(Beginning of Material for the task)

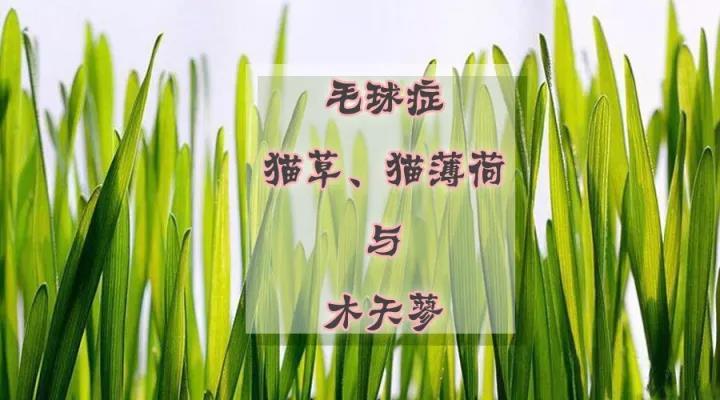 猫咪毛球症 猫草 猫薄荷与木天蓼 知乎 猫咪毛球症 猫草 猫薄荷与木天蓼 知乎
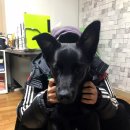 진도애견훈련소 이미지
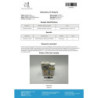 MENTOLAD 50 mg/ml (Trestolonacetat) 10ml Vial | Driada Medical – DriadaShop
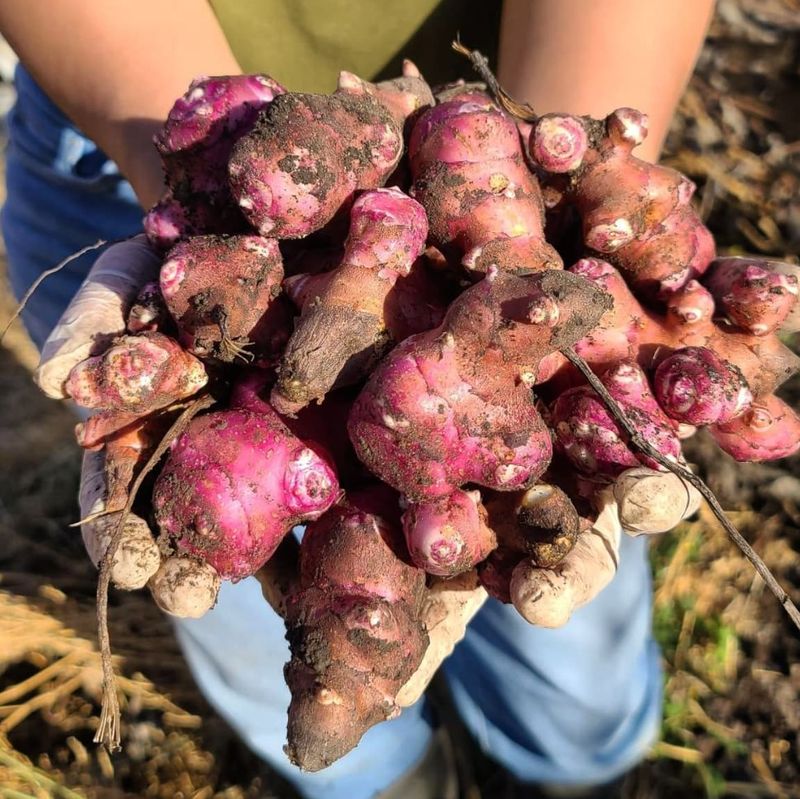 Jerusalem Artichokes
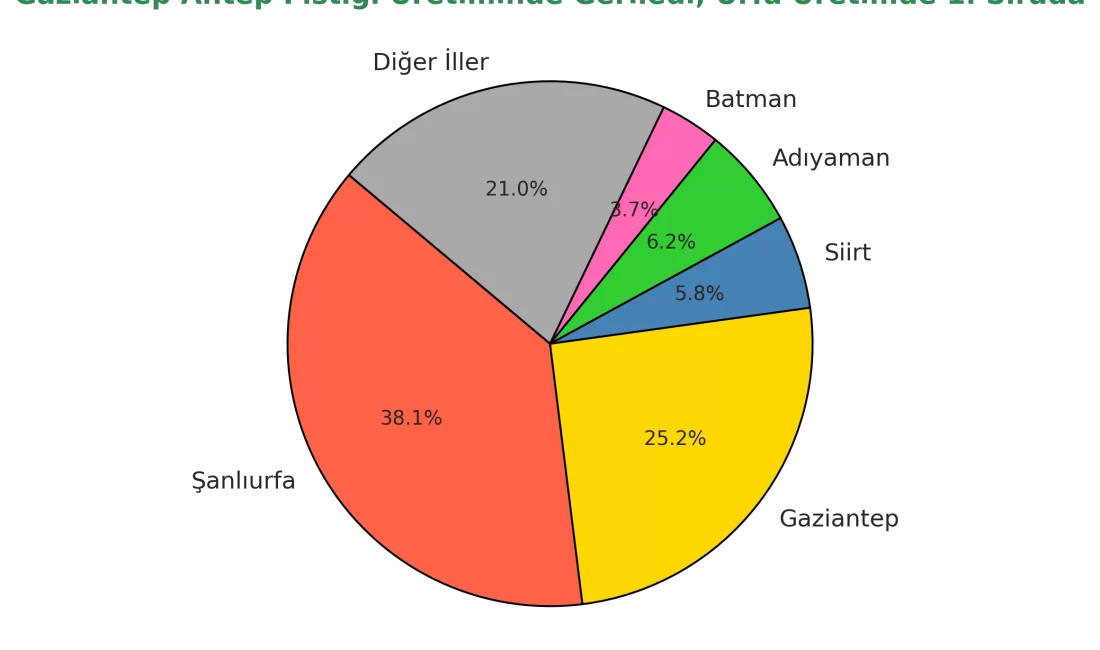 Türkiye İstatistik Kurumu (TÜİK) verilerine göre 2024 yılında Türkiye’de toplam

(End of Material for the task)

(Work order)
Restate word for word, and only, the lines from the line that contains "Jerusalem Artichokes" through the end of the data, both included; pictures are not part of the copy.

(Response box)
 Jerusalem Artichokes
 Türkiye İstatistik Kurumu (TÜİK) verilerine göre 2024 yılında Türkiye’de toplam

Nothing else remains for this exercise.